The return to risk appetite this week has been accompanied by a continuing rotation out of defensive stocks like consumer staples and into more cyclical financial and industrial stocks. Investors tend to buy cyclicals when they feel comfortable about the outlook for the economy and are prepared to take a chance on out of favour shares.
The third quarter results season has confirmed that the corporate trading environment is deteriorating less quickly than had been feared only a few weeks ago. With about 80% of the S&P 500 having announced results in the past few weeks, average earnings are running about 2.7% lower than the same quarter last year when profits were boosted by Donald Trump’s tax cuts.

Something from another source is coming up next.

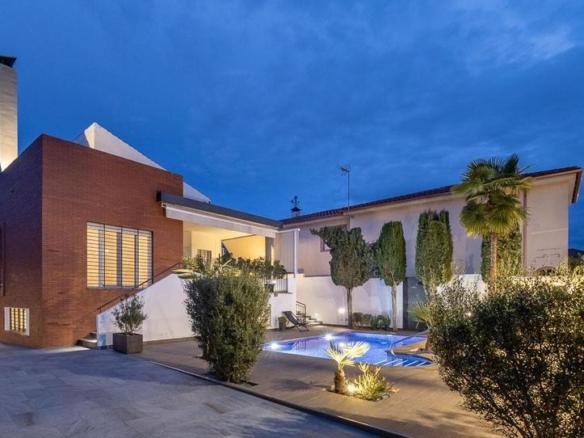House or villa for sale in Gójar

More importantly than the reduction in earnings is the fact that profits had been expected to fall by more than 4% in the latest quarter. Markets move on changing expectations so the hope that the earnings recession of the first thee quarters of 2019 might have run its course has given investors a major fillip.
In other market news, Saudi Arabia confirmed this weekend that it will be bringing Aramco, the state-owned oil company, to market this year in a flotation that Crown Prince Mohammed bin Salman hopes will value the company at $2trn, making it the world’s biggest business by a considerable margin.
The investment banks handling the float are less optimistic but even they are clearly unsure what the appetite of the world’s investors will be for a company that holds the world’s largest oil reserves but also carries with it considerable political risk. The bankers are valuing the company at anywhere between about $1.2trn and $2.3trn, a massive spread that itself is bigger than the overall value of both the next biggest companies, Apple and Amazon.
A big test of the float will be the level of foreign investor demand, which will be looking for Aramco to be competitive with other, safer, energy investments. Aware of the challenge, the Saudis are tweaking tax rates and the proposed dividend payout of the company to increase the attractiveness of the stock.
On the domestic front, here in the UK, it’s all about the election now and for the next five or so weeks. With politics now fragmented along two different fault lines - an economic left-right split and an identity-focused Leave-Remain divide - this is the most unpredictable election in living memory. The challenge facing the pollsters has been increased further by the fact that the election will be held less than two weeks before Christmas when activists are less likely to want to be working the doorsteps in the cold and wet and many voters will have other things on their minds.
The four-way split pits ardent Remainers, the Lib Dems, against determined Leavers, the Brexit Party. Potentially caught in the tactical voting cross-fire will be the traditional parties, the Conservatives who have failed to deliver Brexit on the promised timetable and Labour, which has yet to really articulate, or even decide on, its Brexit position.
Add in Labour’s most radical economic manifesto since the 1970s and a Conservative Party that has abandoned the austerity of the past 10 years in a bid to out-promise Labour on its spending plans for the NHS and other public services and it is no wonder that voters are confused. Whoever wins the election it looks as if public spending as a proportion of GDP will soon return to its highest level in 40 years, according to analysis by the Resolution Foundation, a think tank.
How this all plays out in the financial markets remains to be seen. The pound, having bounced off its post-referendum lows of around $1.20 now looks rangebound at just under $1.30. The stock market is meanwhile taking its lead from Wall Street but remains a major underperformer this year with the FTSE 100 up by less than 10%.
The Prime Minister is running on a Let’s Get Brexit Done ticket. But investors accept that whatever the outcome of the election the uncertainty will continue. Getting Brexit Done would really just mean Getting Brexit Started.